Harchad's face, and the terrible fear that had gripped Mitt when he saw it, seemed to have mixed in Mitt's mind now with his nightmare of Canden shuffling to the door. Under his thick jacket, his skin rose in gooseflesh. But he was not going to let Hildy and Ynen know how he felt. “I've heard things about Harchad,” he conceded.

Hildy shivered openly. “I saw. One thing.”

“That's why we said we'd take you North,” said Ynen.

“Thanks,” said Mitt, and he stared woodenly at the horizon. He was not sure quite what was the matter with him. He felt sick and cold. He shook Canden and Harchad out of his mind, but he still felt as if a load of worry had fallen on him, making his head ache and drawing his face into a strange shape. Ynen and Hildy stared, because Mitt's face seemed all old, with scarcely any young left in it. “See here,” Mitt said, after a minute, “I feel wore out again. Mind if I go for a lie-down?”

Hildy took the tiller without a word. Mitt plunged into the cabin, onto his favorite port bunk, and fell heavily asleep.

“Ynen, what did you have to go and say all that for?” Hildy whispered, wholly unfairly.

“Because I didn't understand,” said Ynen. “I still don't. Why has he gone to sleep like that?”

“I think it's because you—we—upset him more than he wanted to think about,” Hildy answered. “He's in an awful muddle. It must be lack of education.”

“He's muddled me, too,” Ynen said crossly. “I don't know whether to be sorry for him or not.”

The slackening wind brought a drizzle of rain. Ynen and Hildy found a tarpaulin and wrapped it round their heads and shoulders. The rain increased, and the wind strengthened slowly, until the sea was so choppy that Hildy found it hard to steer and hold the sail rope, too. The sail was yellow-gray and heavy with rain.

“Miserable!” she said. Water dripped off the end of her nose and chin.

“I wonder if we ought to take in a reef,” Ynen said.

Just before midday, the choppiness woke Mitt. Wind's changed, he thought. Coming more off the land.

He stumbled muzzily out into the well to find a real downpour.
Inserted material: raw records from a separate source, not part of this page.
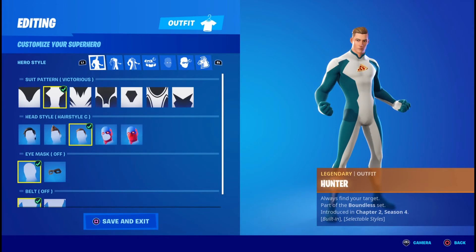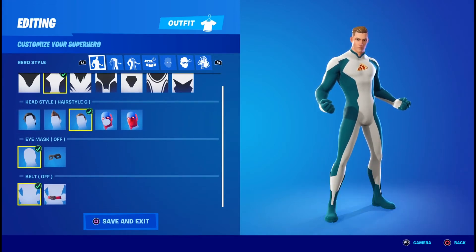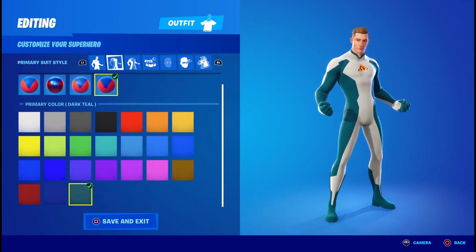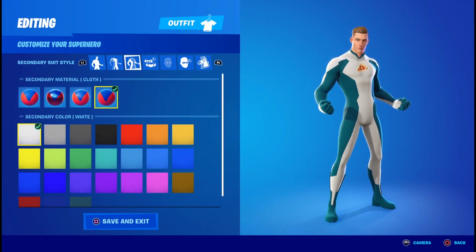Once you get into the locker, the first thing you want is the Victorious Pattern, well by Hairstyle C. The eye mask you're going to want off and the belt you're going to want off as well. For the primary tool you're going to want cloth and dark teal for his jacket. For the secondary material you're going to want cloth and the color white for his pizza shirt.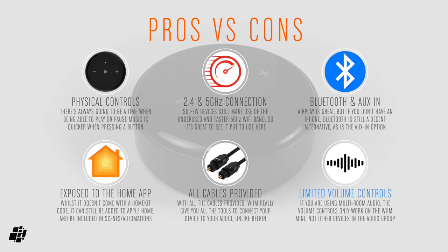So what are my thoughts on the WiiM Mini? The physical controls on the device, whilst basic, are really useful for quick hands-on control. I'm really pleased they offer a 5GHz Wi-Fi connection. For those who don't use Apple Music or don't have an iPhone or iPad, the Bluetooth and line-in connections are a real bonus. It's great to have an AirPlay device usable within the Home app. The fact that they give you all the cables you need pushes this way past Belkin's offering, which gives you none of these for the same price. The only possible con is that the volume controls only work for audio on the WiiM, not other AirPlay devices playing at the same time. Other than that, this is a really decent little device to add AirPlay to older but still loved audio equipment, and for the price you get a lot.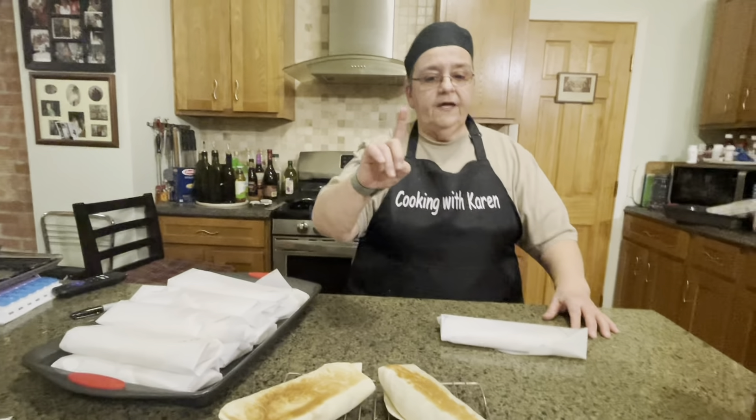One more thing — I have someone I wanted to say hello to. Her name is Dale Sells. Hi Dale — one day you're gonna come over here and eat this food. We'll catch y'all later, see you later.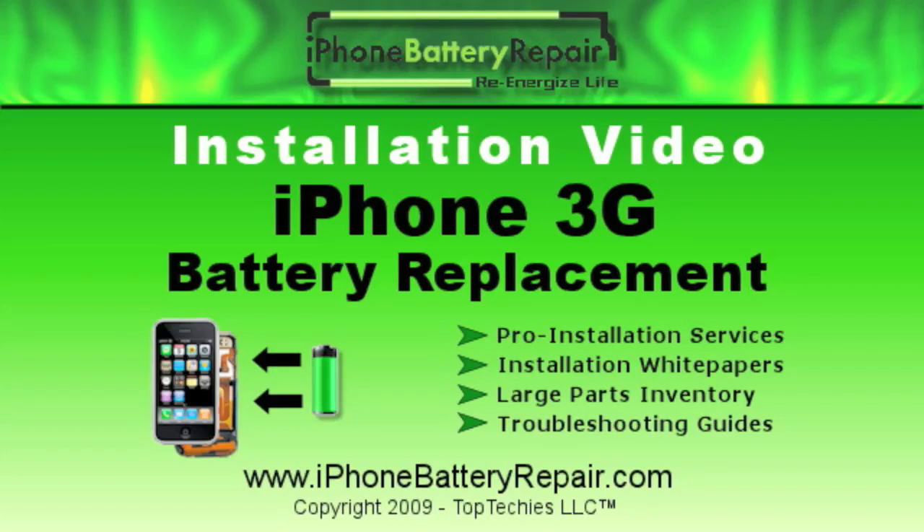iPhoneBatteryRepair.com presents the Installation Video for the iPhone 3G Battery Replacement. Visit our website for pro-installation services, installation white papers, parts, and troubleshooting guides.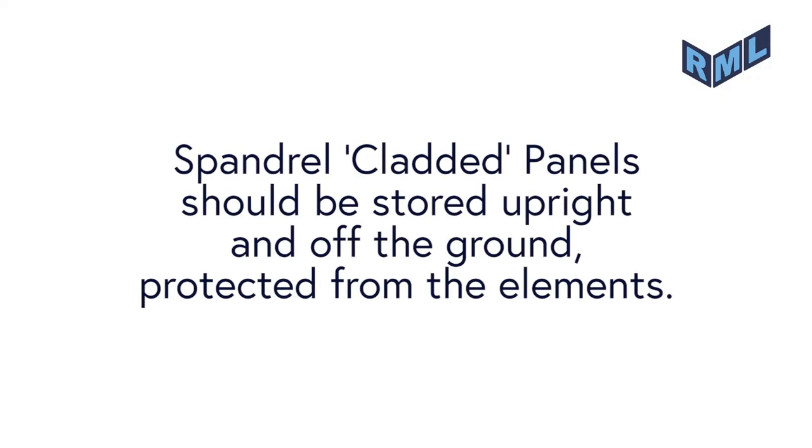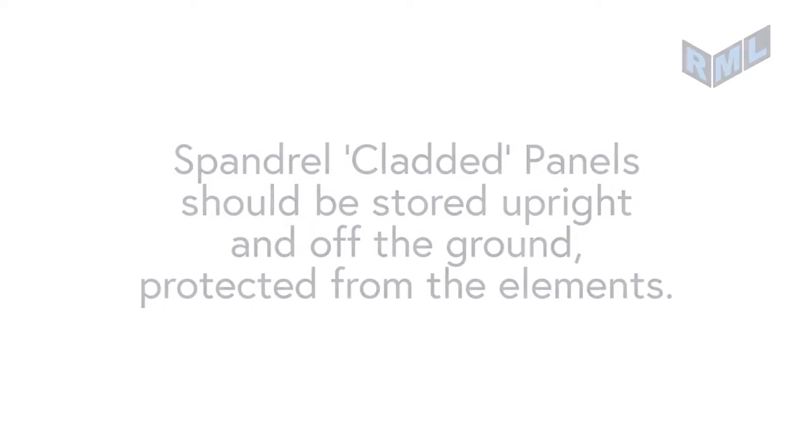Please note that if spandrel cladded panels are not going to be erected straight away, they should be stored upright and off the ground and protected from the elements. Thank you.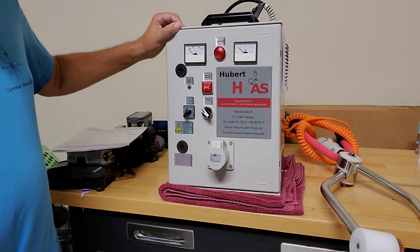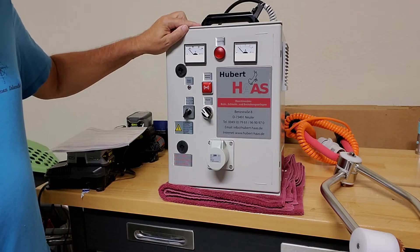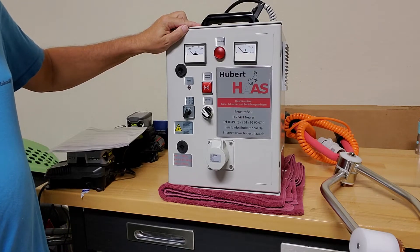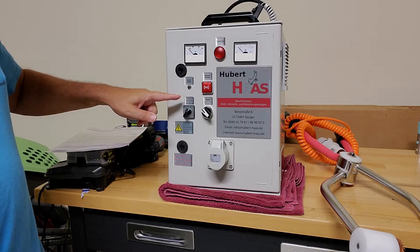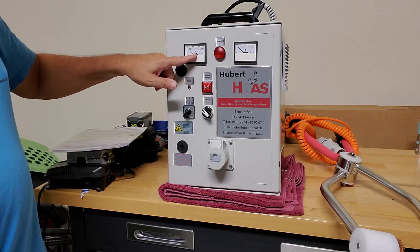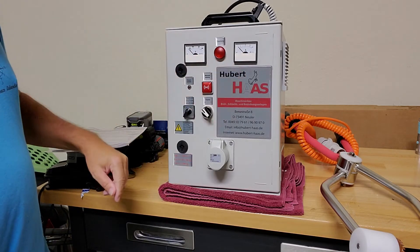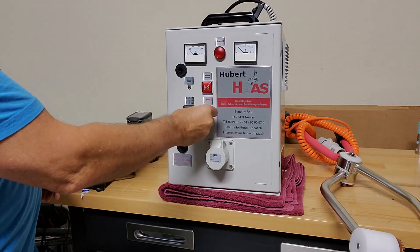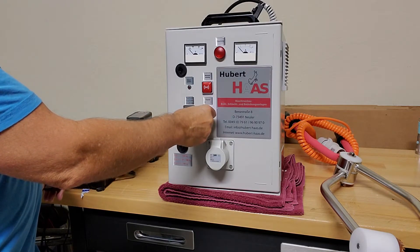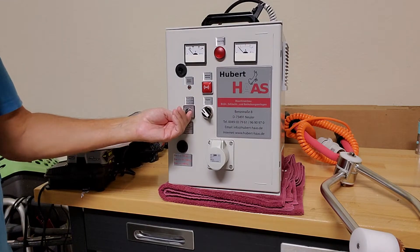This is the TBG 96 from Hubert Haas, made for euthanasia purposes. We're going to go over the different parts of the stunner. Here's the voltmeter, here's the ammeter, here's the on/off switch. I've got it plugged in now, and there's another on/off switch. You get four different program settings on here.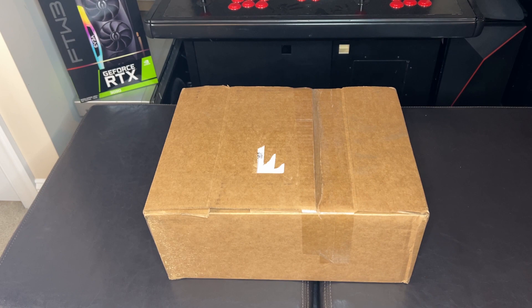They sent it to test, so what can I do — can't turn them down. Today we're just going to open it up, take a look at it, get a few measurements on it perhaps, and then after that we'll post some overclocked scores. You know how we do it. Let's get started.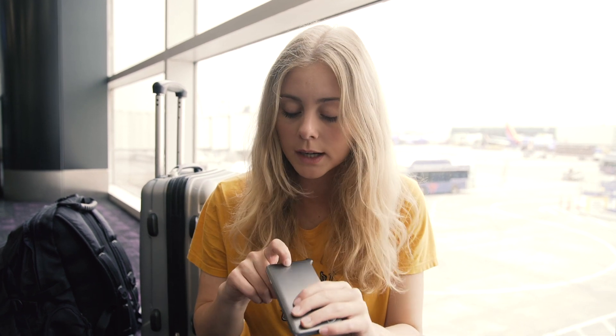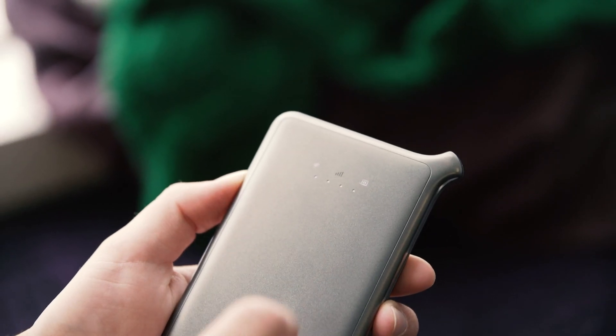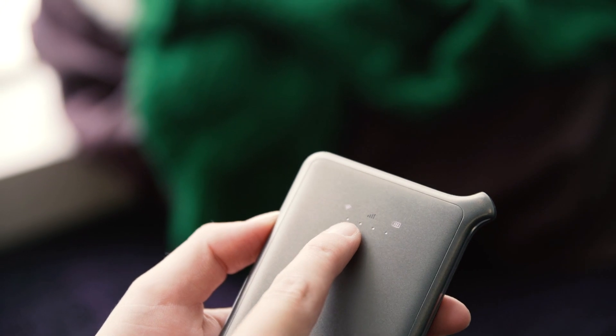There are also some other lights on the Wi-Fi router. The middle one is for the signal, so it will blink when it is searching for a signal, and the last one — the small battery light — will blink when the battery is almost empty.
Rain was battering down into the well and swirling along the planking, going
putter, putter
on the tarpaulin over Hildy and Ynen's heads, and making myriad pockmarks in the yellow-gray waves alongside. Mitt was not sure he liked the angry tooth shape of all those pockmarked waves.

“I've been wondering if I ought to reef—just in case,” Ynen said to him.
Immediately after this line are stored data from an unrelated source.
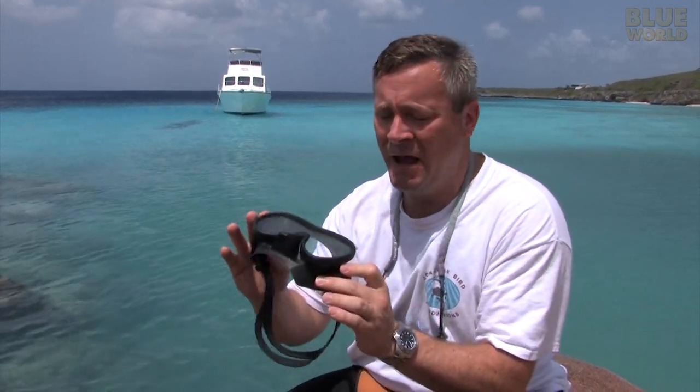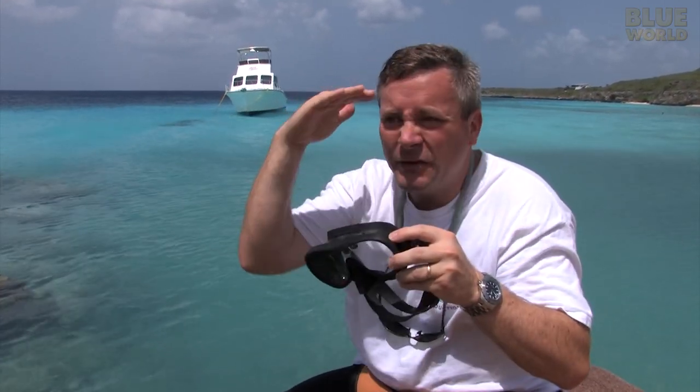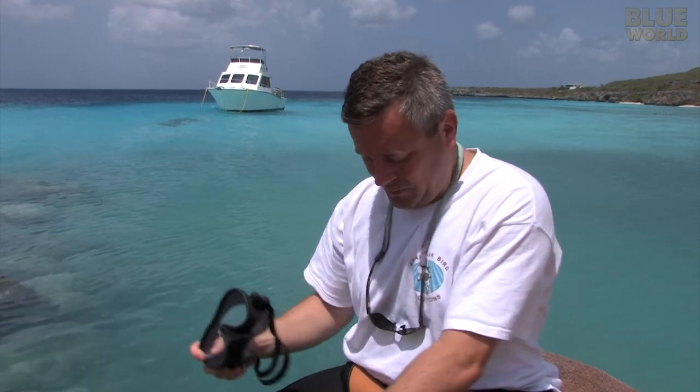But this mask — the black mask — I use when I'm being more of a cameraman. What it does is block the oblique light, and when I'm looking through my viewfinder it cuts the glare and reflection so I can see better. So this is really a much better mask for underwater photography, and the clear one is better for general purpose scuba diving.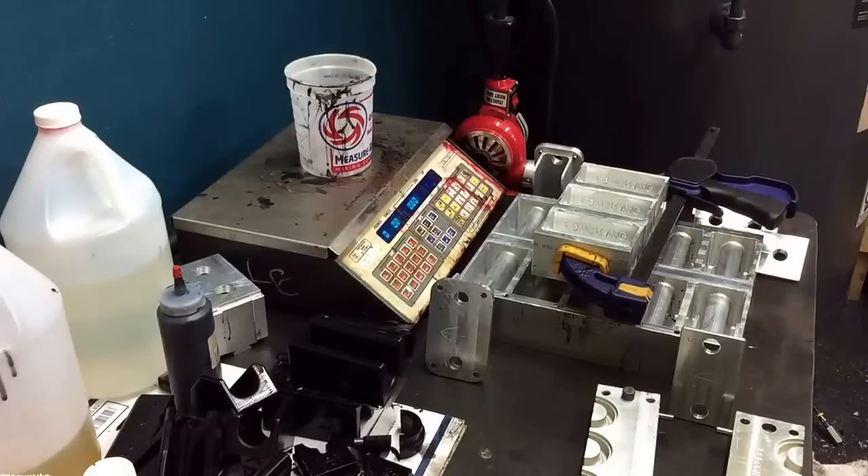Make sure you've got whatever materials you're going to use handy. Don't start mixing urethane until you're ready to pour it, because if you do, it'll start curing on you and you won't be able to pour it fast enough — you'll end up making mistakes and basically end up with scrap parts.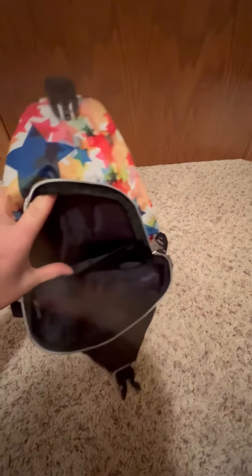It's got a large pocket here that I usually stuff with snacks and water. It's also got a pocket inside that you could put keys, money, or your phone in. And then it zips up really nicely.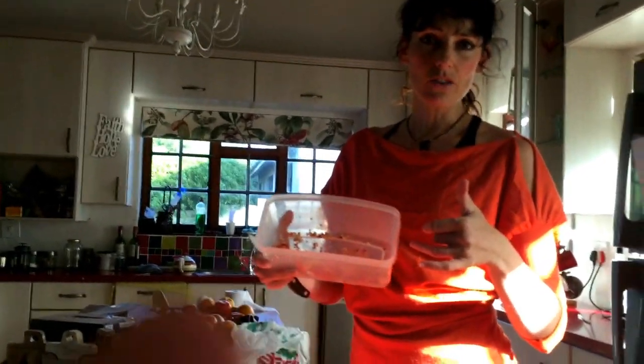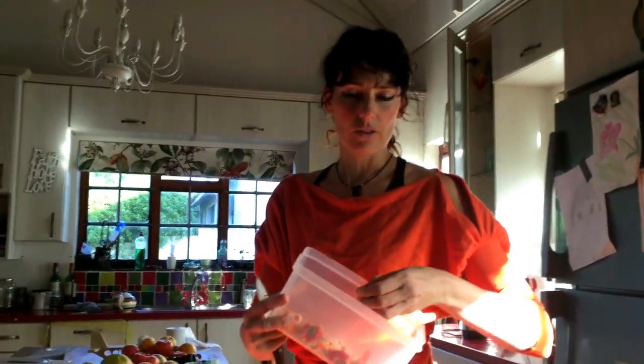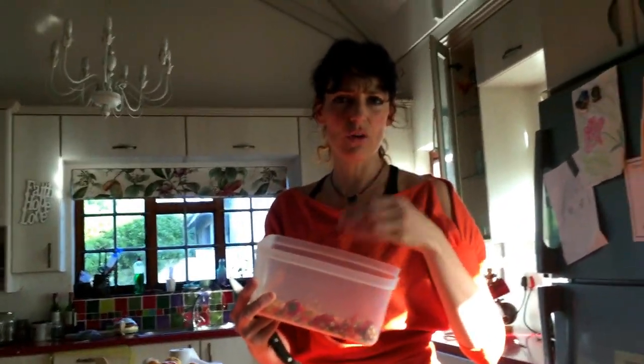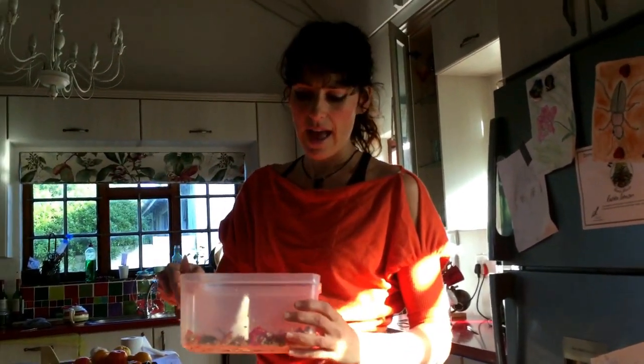Let them dry out, and then we can plant them. Separate them, obviously, from the stalk. I just throw the whole thing inside, wait for them to dry a bit. Leave them on a sunny windowsill, and then we've got beautiful seeds and we can replant them.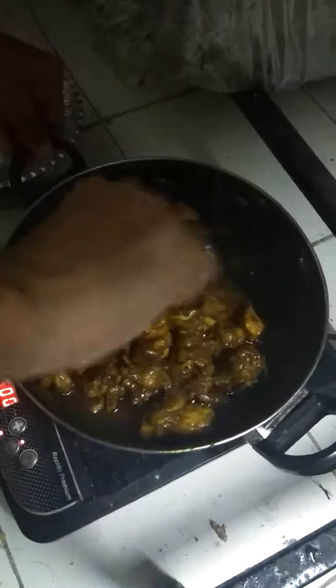95% of the chicken preparation is over. We are going to take the chicken with rice and roti. Enjoy!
Mitt looked at him, frowning sleepily against the cold water in his face. Beyond Ynen, the little figure of Libby Beer was shiny as new with rainwater. Beyond her, dim behind veil upon veil of silver rain, was what looked like a mountain walking up the sky from the land, monstrous, black and impending.

“What do you think about reefing?” Ynen asked.

Mitt stared at that mountain of black weather, aghast. Last time he had seen anything like it, Siriol had made for Little Flate as fast as
Flower of Holand
could move, and they had hardly got there in time. This was twice as near. There was no chance of making land. Those two had been sitting with their backs to it, but all the same! “Flaming Ammet!” said Mitt.

“Well, I thought I'd reef,” Ynen said uncertainly.

“What am I doing standing here letting you ask?” Mitt said frantically. “You should have woke me an hour ago. Three reefs we'll need, and let's be quick, for Old Ammet's sake! I bet this boat handles real rough.”

Ynen was astounded.
“Three?”
Hildy was so surprised that she lost her hold on the wet tiller.
Wind's Road
tipped about, and the boom swung over their heads. Mitt caught it, braced himself against the weight of wind and sopping sail, and tied it down with such haste that Ynen began to see he was in earnest. He slipped out from under the tarpaulin and scrambled onto the cabin roof in the hammering rain, to the ropes that lowered the mainsail. When he saw the weather the tarpaulin had been hiding from him, he did not feel quite so surprised at Mitt's command. Ynen had never been out in any weather so black himself, but he knew when the sky looked like that, you saw all the shipping making for Holand as fast as it could sail. He let the huge triangle of the sail down a foot or so. Mitt began tying the resulting fold down against the boom by the little strings that dangled from the canvas, and tying as if for dear life. “We have got a storm sail,” Ynen called.

Mitt shook his head, knowing how long it would take two boys to get in this mass of great wet sail and bend on another. “We'd be caught with our pants down. Maybe we are, anyway. She rides awful high. Get tying. Quick!”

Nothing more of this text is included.